_Task details_: The answer is to be the lines of the material from its start through the line containing "Hello everyone and", each copied exactly; no pictures.

_Given material_:
◆ ◆ ◆

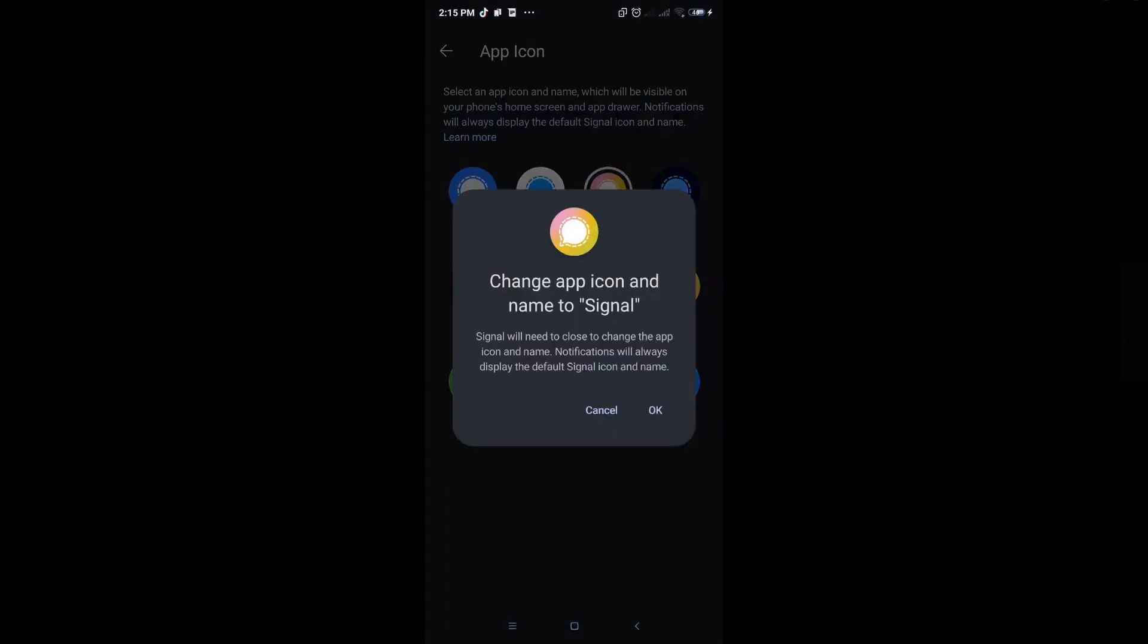It will ask if you want to change your app icon for Signal. Just hit okay.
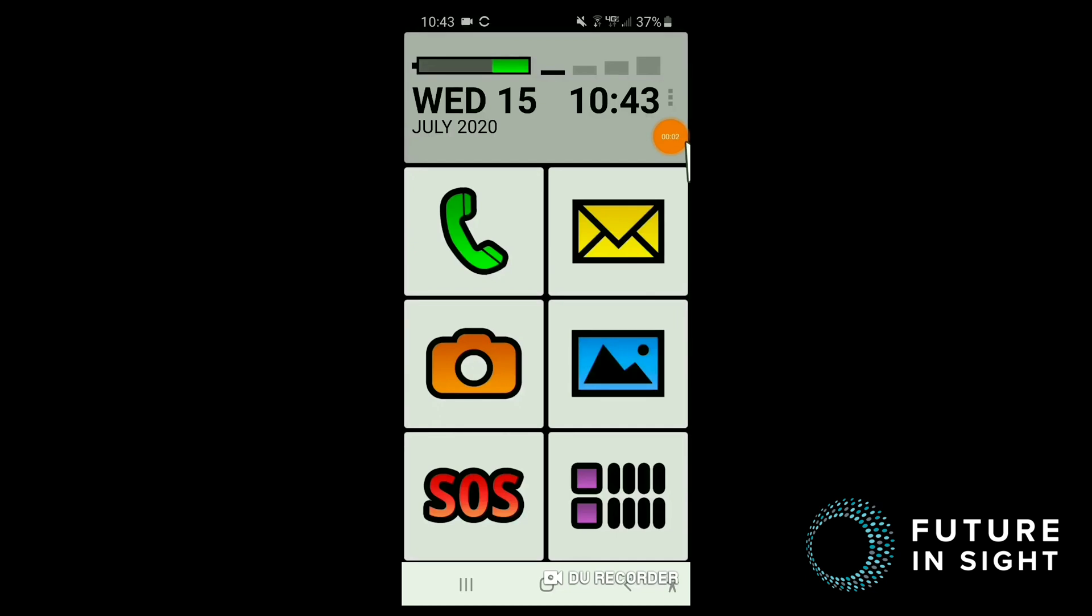Hi, I'm Beth, and I'm a Low Vision Occupational Therapist for Future Insight. And this is the homepage on my Samsung Galaxy Note 8 Android smartphone device.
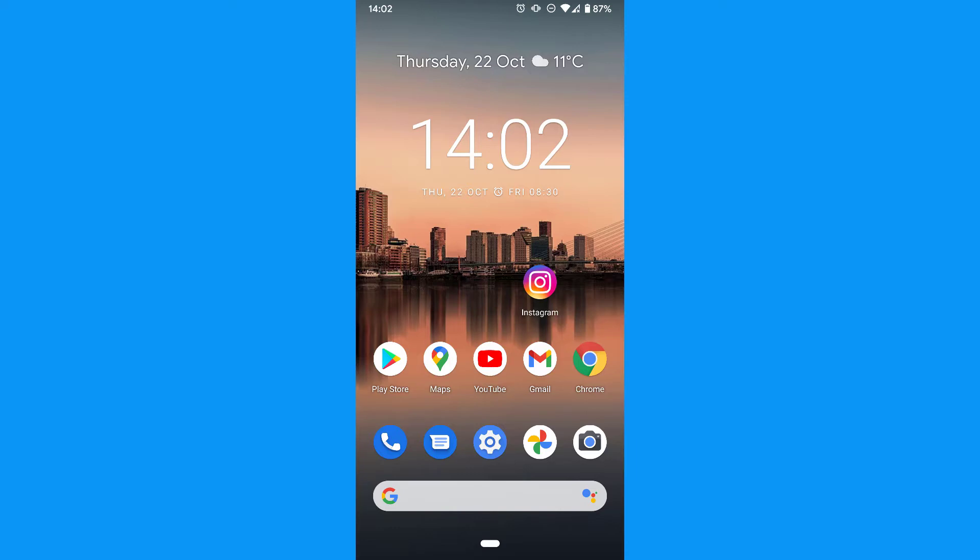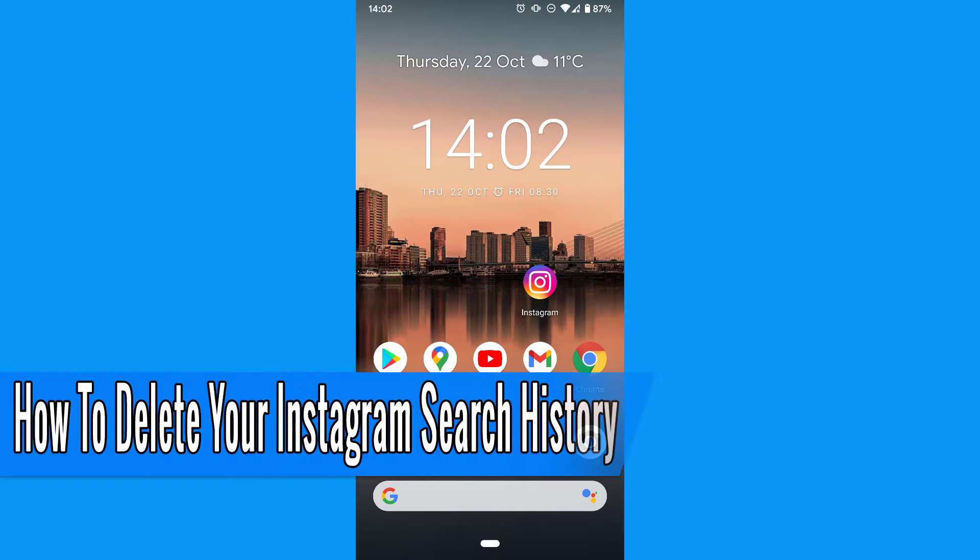Hello everyone and welcome back to another how-to tutorial. In this video I will show you how to delete your Instagram search history.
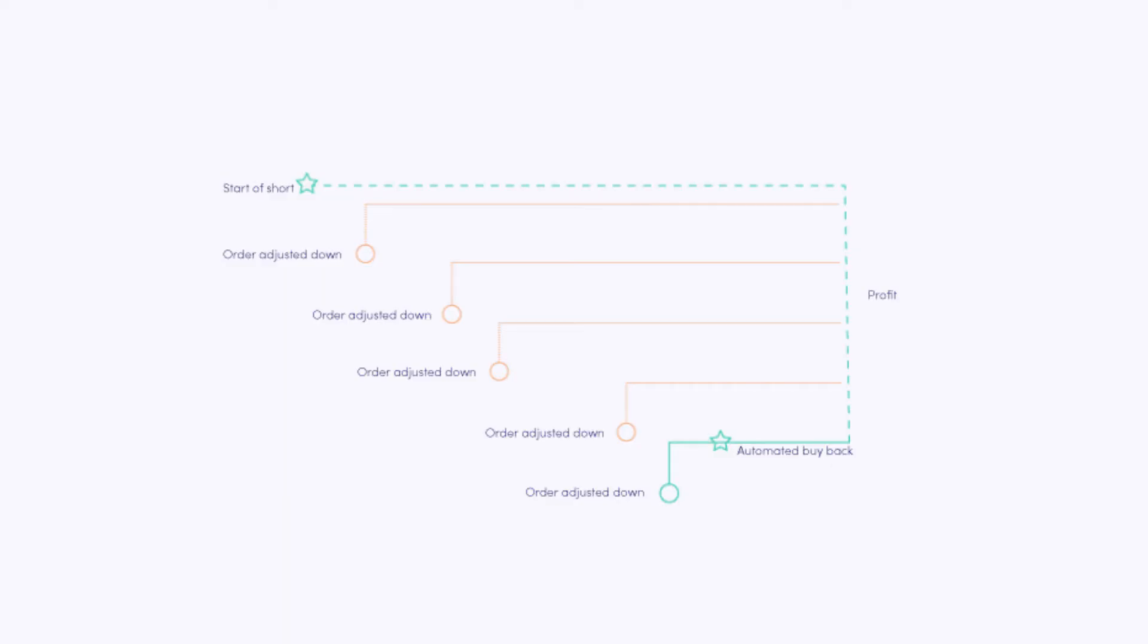This is also where you could use the trailing stop short, a great tool to automate your shorting. Like a trailing stop buy and the trailing stop loss, the trailing stop short keeps tracking the price so it helps you close the short when the price rises again.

◆ ◆ ◆

_Exercise output_:
It will ask if you want to change your app icon for Signal. Just hit okay.
Hi, I'm Beth, and I'm a Low Vision Occupational Therapist for Future Insight. And this is the homepage on my Samsung Galaxy Note 8 Android smartphone device.
Hello everyone and welcome back to another how-to tutorial. In this video I will show you how to delete your Instagram search history.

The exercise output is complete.